● Provided data:
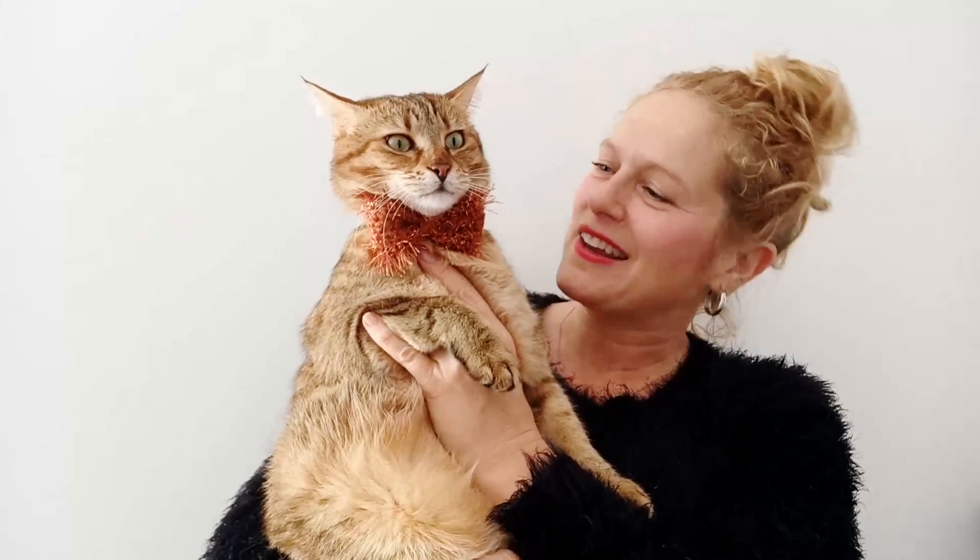Hi everyone and welcome to our video tutorial for this party cat bowtie that you can see Melba wearing here. I hope you enjoy this tutorial — please like, share, and subscribe, and we hope to see you soon. Thanks, bye.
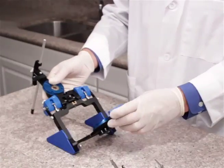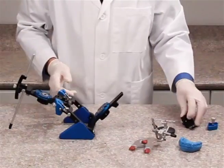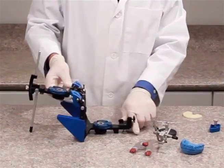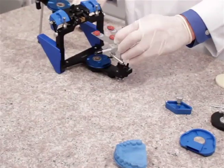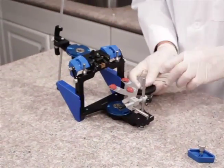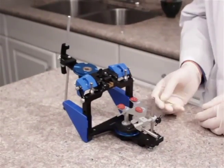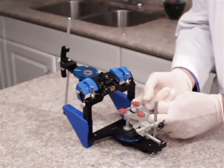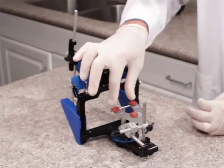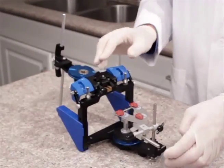Now we swing this back and we want to remove the incisal table and replace it with the mounting fixture, which slides into place and tightens with the screw. We can now add our bifork assembly to the mounting fixture and tighten it into place. We do have a bifork support system which we can index to the lower magnetic plate, and we can raise the teeter-totter up underneath the bifork and tighten it in place with the screw, creating a nice solid support for the cast during the mounting procedures.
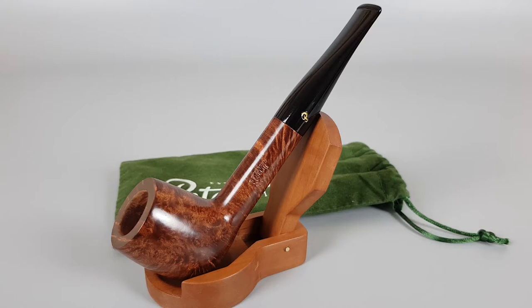Hello and welcome to another pipe presentation video. Today we're having a closer look at an unsmoked Irish-made Peterson Brayhead series. Smooth finish straight billiard shape, number 106, dark brown stain and some lovely grain, with a fishtail 9mm stem. Comes with the original sleeve and it's in mint condition.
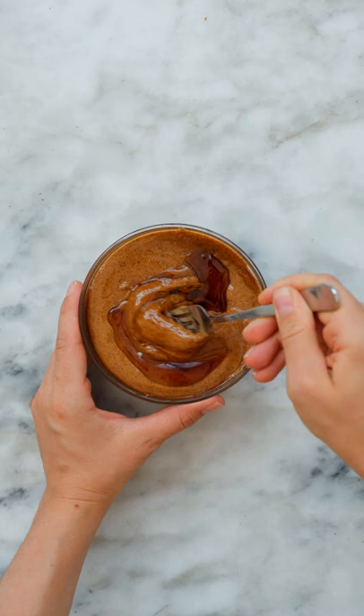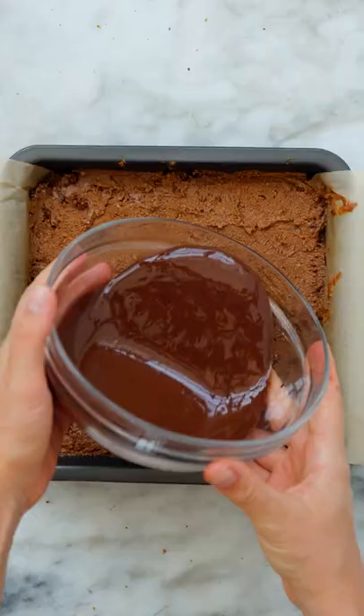To layer your bars, press the crust into an 8x8 dish, spread the almond butter mixture on top, then top with a simple vegan chocolate ganache, and freeze until firm. Cut into bars and enjoy!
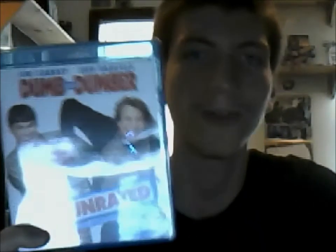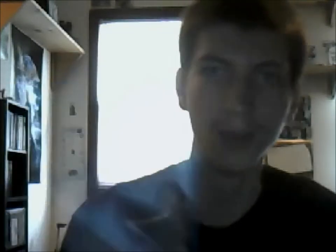Next up is Dumb and Dumber — I got it for four bucks at Best Buy. The rest of these movies I got at Best Buy too, so definitely go there for holiday shopping. This is a childhood favorite of mine. This came out when Jim Carrey was the man — nobody stopped talking about Jim Carrey after this movie came out. Only one disc, but hey, you're getting Dumb and Dumber on Blu-ray for four bucks. That is a steal.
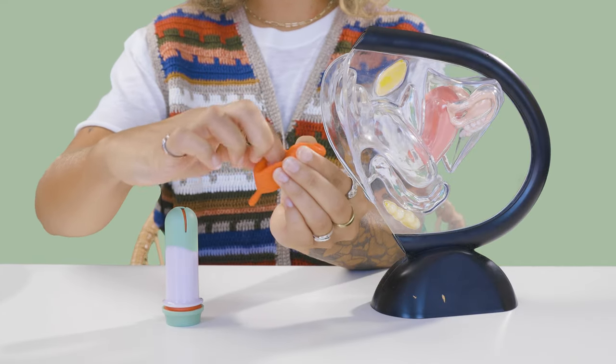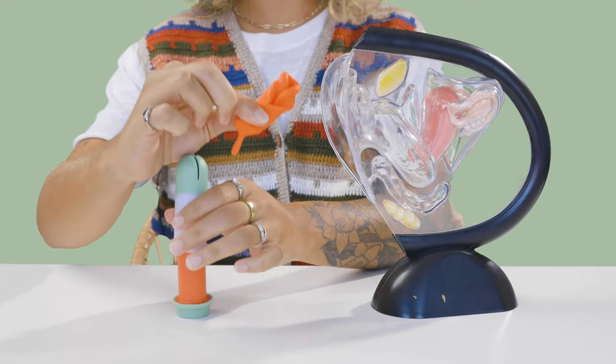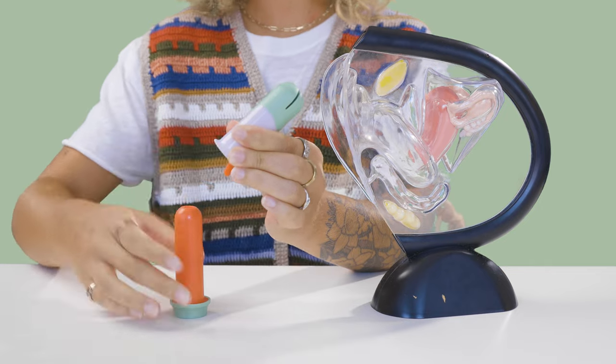To insert it, you do a Sunny Fold, put the cup inside the reusable applicator, and from here it's ready to be inserted like a tampon.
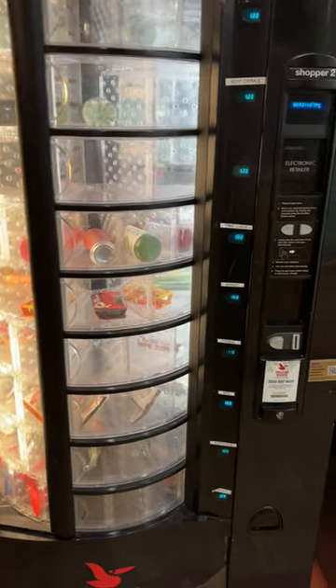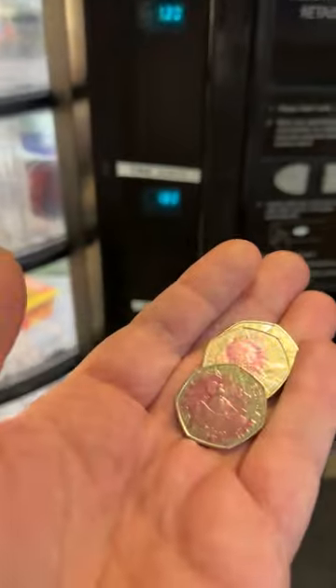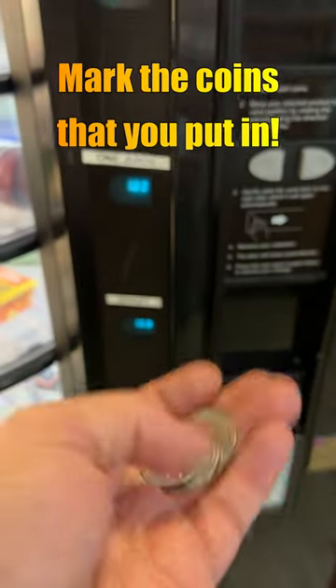Let's try this vending machine hack, see if we can find some good coins. First things first, mark up the coins that you're going to put in.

● Work request: Word for word, please reproduce each entry above and leave out every picture.

● Solution to this exercise:
Hi everyone and welcome to our video tutorial for this party cat bowtie that you can see Melba wearing here. I hope you enjoy this tutorial — please like, share, and subscribe, and we hope to see you soon. Thanks, bye.
Now we swing this back and we want to remove the incisal table and replace it with the mounting fixture, which slides into place and tightens with the screw. We can now add our bifork assembly to the mounting fixture and tighten it into place. We do have a bifork support system which we can index to the lower magnetic plate, and we can raise the teeter-totter up underneath the bifork and tighten it in place with the screw, creating a nice solid support for the cast during the mounting procedures.
Hello and welcome to another pipe presentation video. Today we're having a closer look at an unsmoked Irish-made Peterson Brayhead series. Smooth finish straight billiard shape, number 106, dark brown stain and some lovely grain, with a fishtail 9mm stem. Comes with the original sleeve and it's in mint condition.
To layer your bars, press the crust into an 8x8 dish, spread the almond butter mixture on top, then top with a simple vegan chocolate ganache, and freeze until firm. Cut into bars and enjoy!
Next up is Dumb and Dumber — I got it for four bucks at Best Buy. The rest of these movies I got at Best Buy too, so definitely go there for holiday shopping. This is a childhood favorite of mine. This came out when Jim Carrey was the man — nobody stopped talking about Jim Carrey after this movie came out. Only one disc, but hey, you're getting Dumb and Dumber on Blu-ray for four bucks. That is a steal.
To insert it, you do a Sunny Fold, put the cup inside the reusable applicator, and from here it's ready to be inserted like a tampon.
Let's try this vending machine hack, see if we can find some good coins. First things first, mark up the coins that you're going to put in.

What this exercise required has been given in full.